▶ [Input data]

..............................

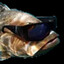 Cool Fish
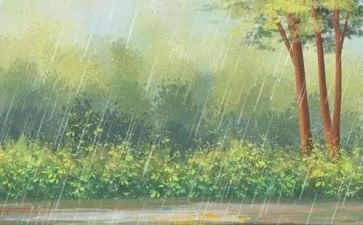 描写雨的作文600字优质5篇
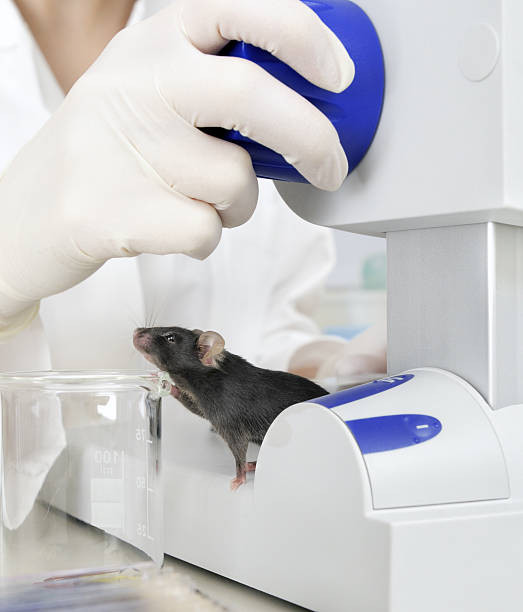 istock laboratory mouse tries to escape 153159578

..............................

▶ [Your objective]
Write out every line of the listing exactly as written, and leave the pictures out.

▶ [Result for this task]
 Cool Fish
 描写雨的作文600字优质5篇
 istock laboratory mouse tries to escape 153159578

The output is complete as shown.